Segment Open

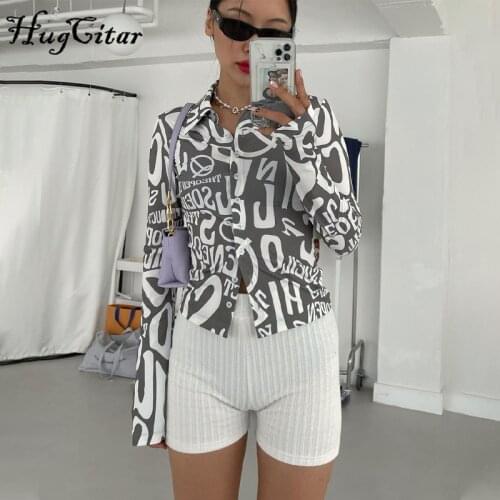 Hugcitar 2021 Letter Print Long Sleeves Polo Neck Sexy Bodycon Single Breasted T Shirt Summer Women Fashion Club Clothes Y2K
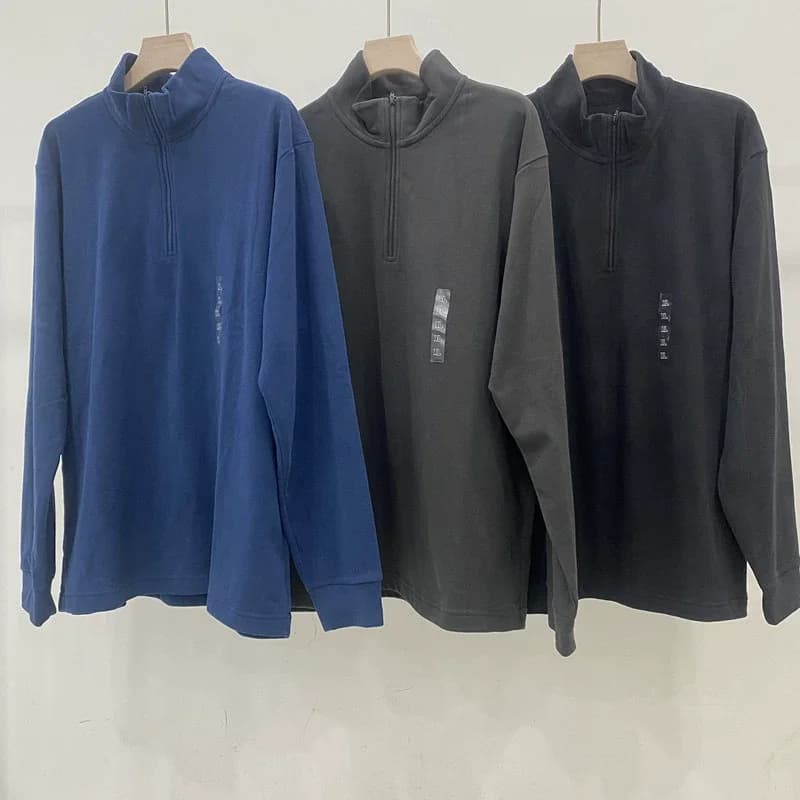 Men's Autumn Winter New Smooth Elastic Fleece Half Zip Hoodie Long Sleeve T-Shirt Casual Loose Fit Warm Daily Wear 481184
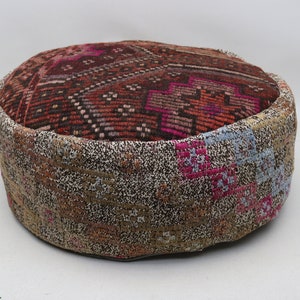 Ottoman pouf, Turkish kilim pouf, Floor cushion cover, Camping pillow, Moroccan style pouf, Garden pouf cover, 20x20 height 10 inch No 424
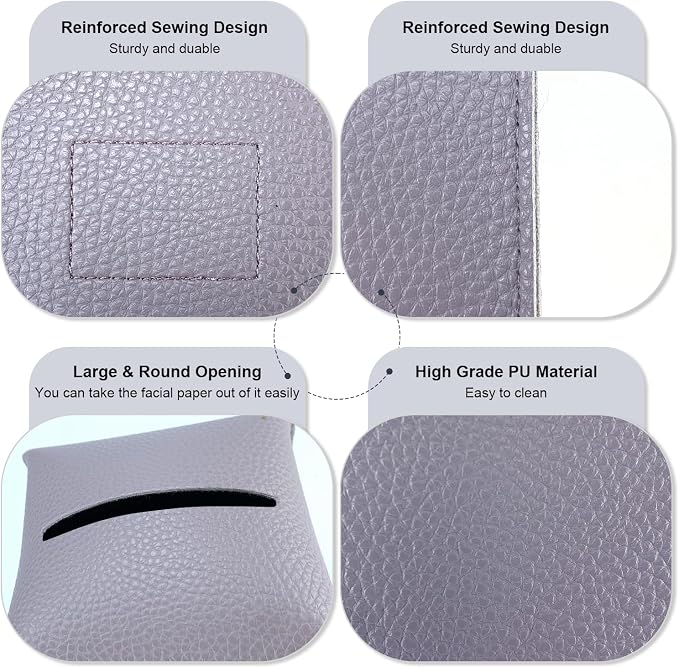 Tissue Box Cover 5X5X5'' PU Leather Tissue Holder Square Tissue Cube Box - Image 3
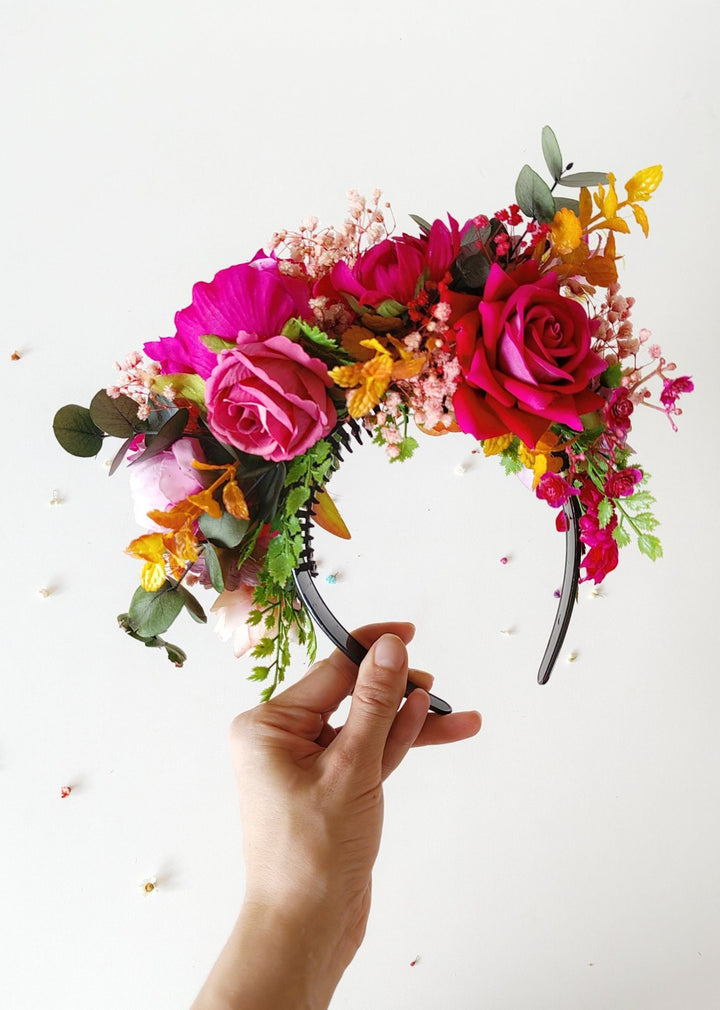 Magenta Frida Flower Headband: Boho Garden Wedding Crown – handmade floral hair accessory by magaela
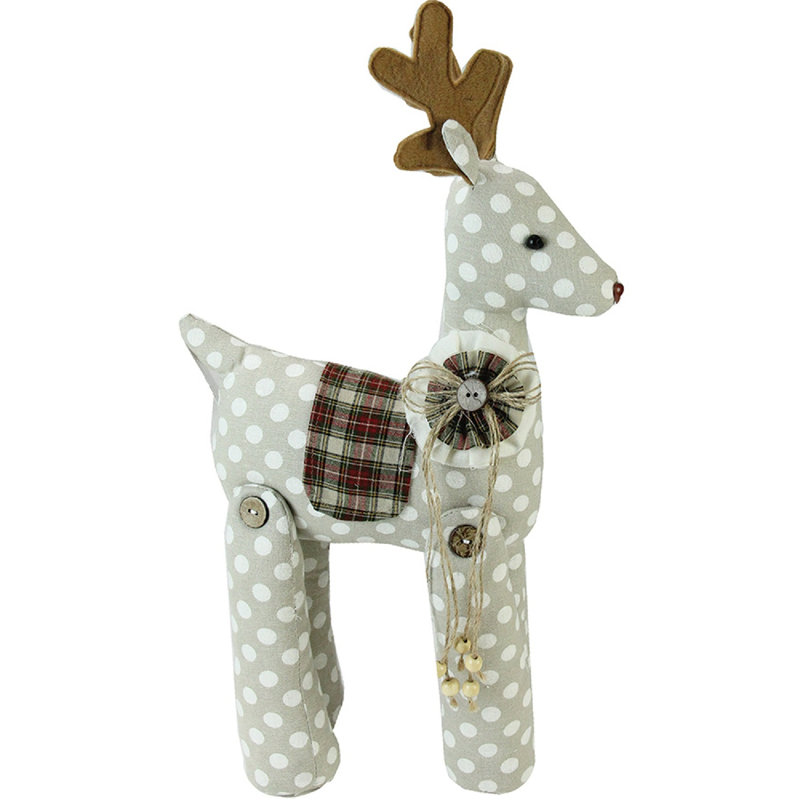 20" White and Brown Polka Dot Reindeer Christmas Tabletop Decor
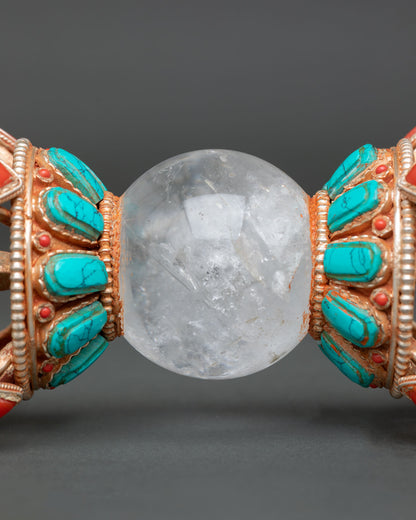 Traditional Tibetan Vajra with Crystal Core and Sacred Symbolism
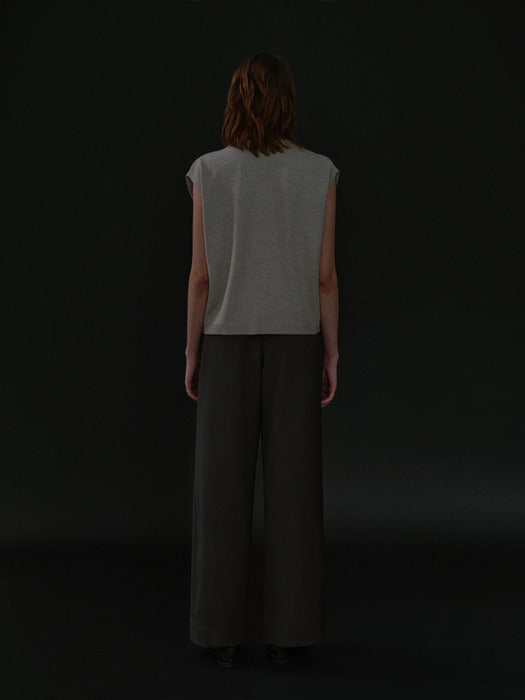 [moia] unbalance vest (oat gray)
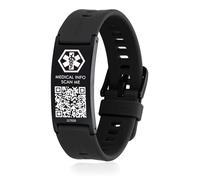 AOAMID Medical ID Bracelet with QR Code for Women Men, Silicone Adjustable QR Code Medical Alert Bracelets,Dynamic Web Information, M-L, Stainless Steel Silicone Nylon, no gemstone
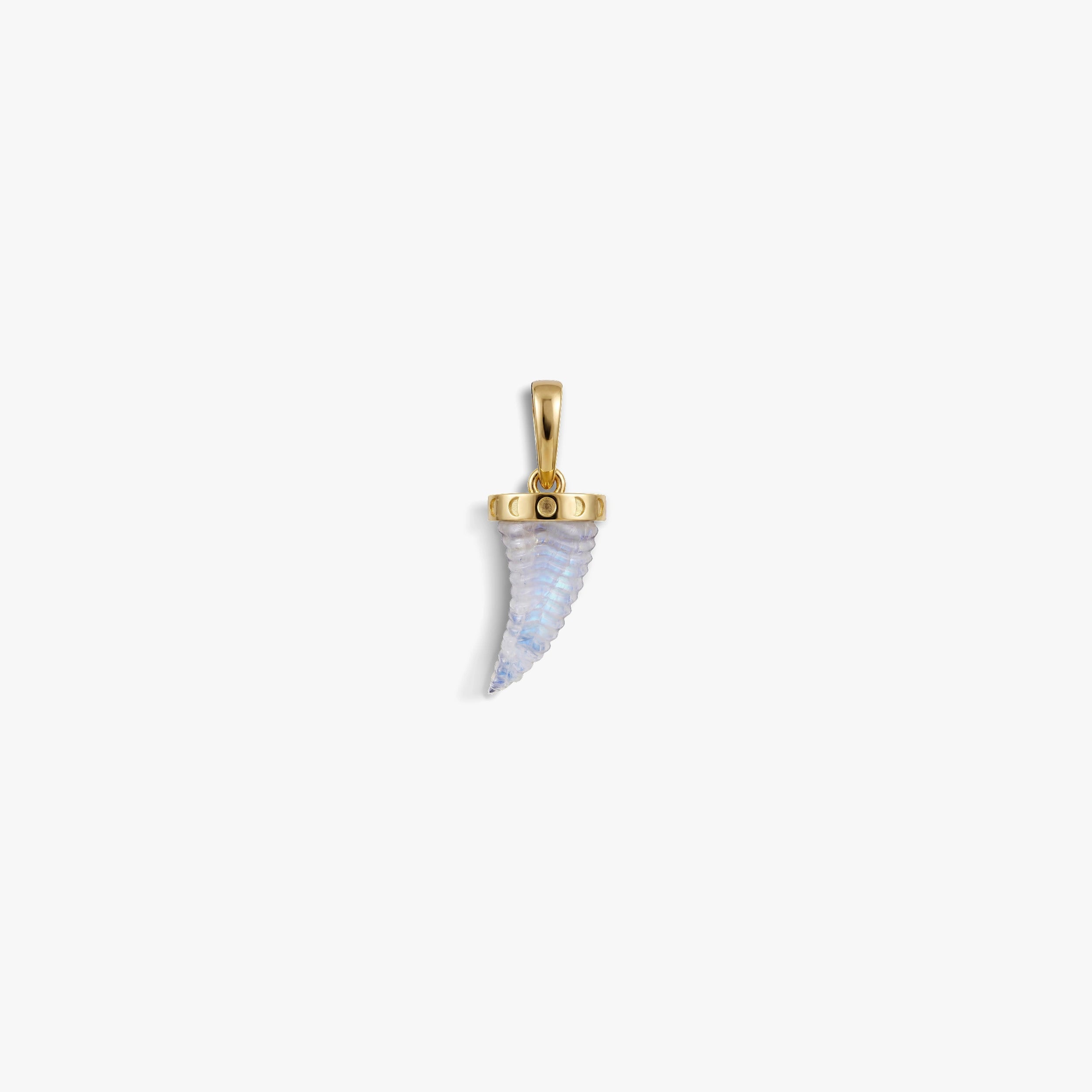 Awe Inspired Pendants 14K Gold Vermeil / Rainbow Moonstone Carved Saber-Tooth Pendant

Segment Closed

HOW TO COMPLETE THIS TASK =
The output is the lines from the start of the data above through the line containing "[moia] unbalance vest (oat gray)", unchanged, with any picture left out.

ANSWER TO THIS EXERCISE =
 Hugcitar 2021 Letter Print Long Sleeves Polo Neck Sexy Bodycon Single Breasted T Shirt Summer Women Fashion Club Clothes Y2K
 Men's Autumn Winter New Smooth Elastic Fleece Half Zip Hoodie Long Sleeve T-Shirt Casual Loose Fit Warm Daily Wear 481184
 Ottoman pouf, Turkish kilim pouf, Floor cushion cover, Camping pillow, Moroccan style pouf, Garden pouf cover, 20x20 height 10 inch No 424
 Tissue Box Cover 5X5X5'' PU Leather Tissue Holder Square Tissue Cube Box - Image 3
 Magenta Frida Flower Headband: Boho Garden Wedding Crown – handmade floral hair accessory by magaela
 20" White and Brown Polka Dot Reindeer Christmas Tabletop Decor
 Traditional Tibetan Vajra with Crystal Core and Sacred Symbolism
 [moia] unbalance vest (oat gray)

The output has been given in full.